| Exercise description |
Using the data below, restate exactly every line from the one with "Mia--meow online show" up to and including the one with "Eingangstor zum Justizpalast, Boulevard". No picture belongs in it.

| Records for this exercise |
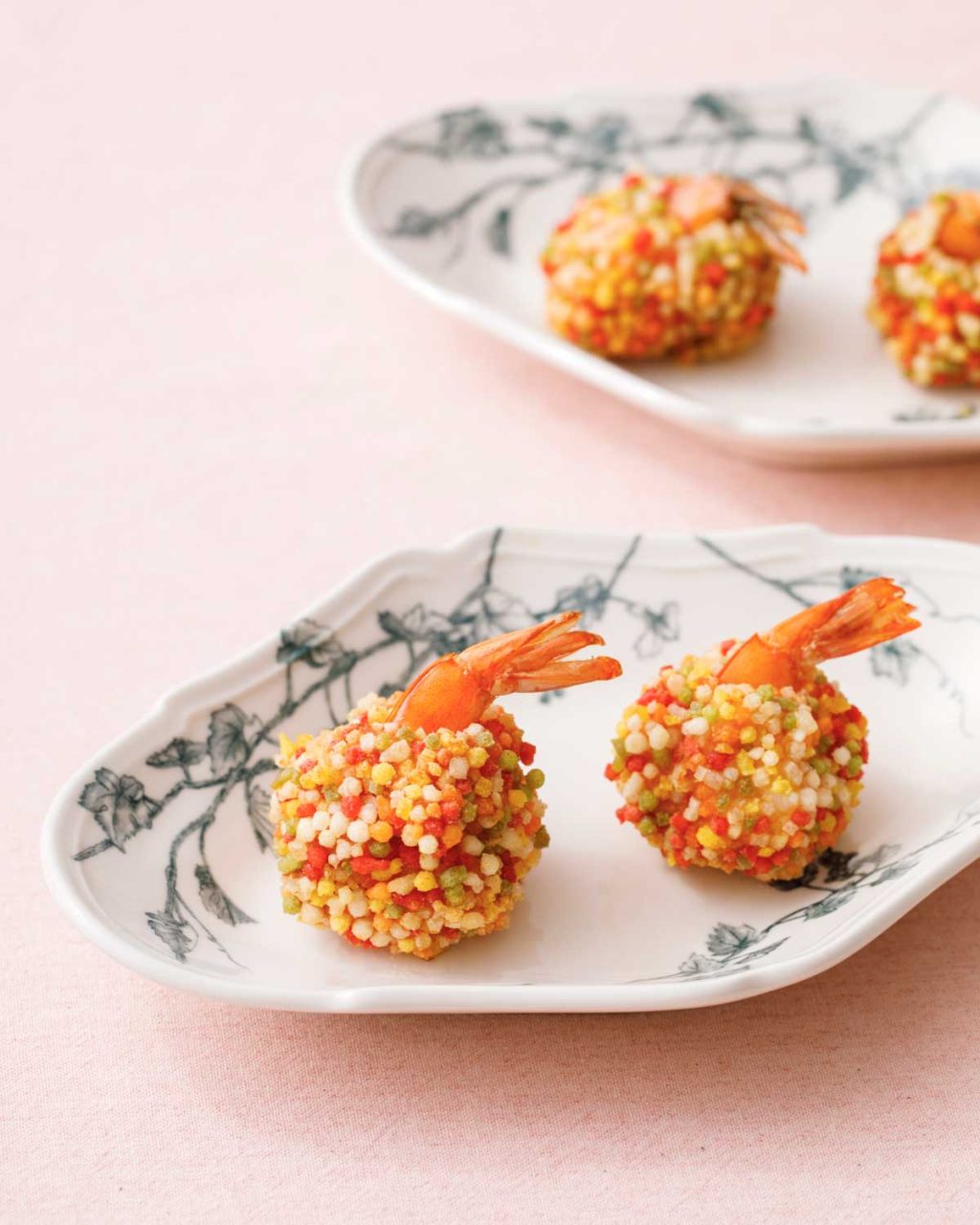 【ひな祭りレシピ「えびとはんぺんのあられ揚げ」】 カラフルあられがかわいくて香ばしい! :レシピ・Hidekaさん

--

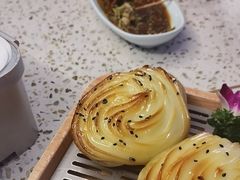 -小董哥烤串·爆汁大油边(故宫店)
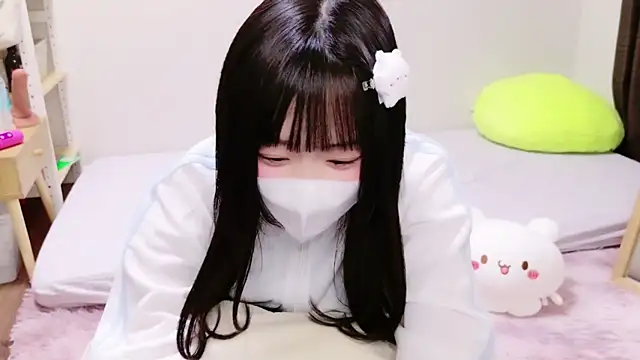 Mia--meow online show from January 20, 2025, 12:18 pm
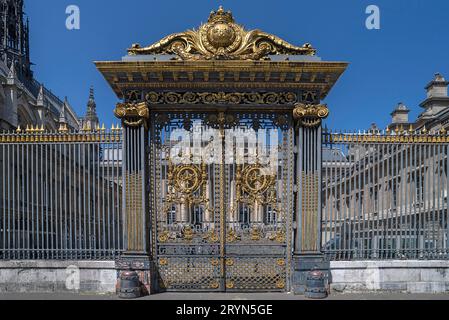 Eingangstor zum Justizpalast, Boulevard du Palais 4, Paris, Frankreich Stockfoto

==

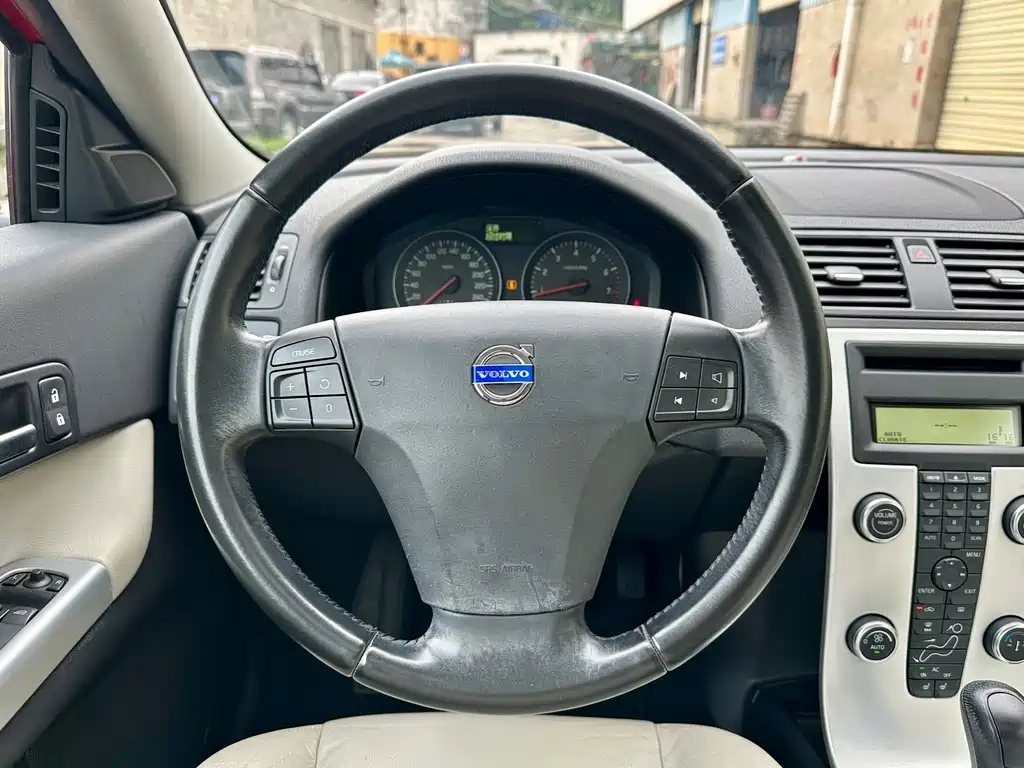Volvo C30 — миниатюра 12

| Solution to the problem |
 Mia--meow online show from January 20, 2025, 12:18 pm
 Eingangstor zum Justizpalast, Boulevard du Palais 4, Paris, Frankreich Stockfoto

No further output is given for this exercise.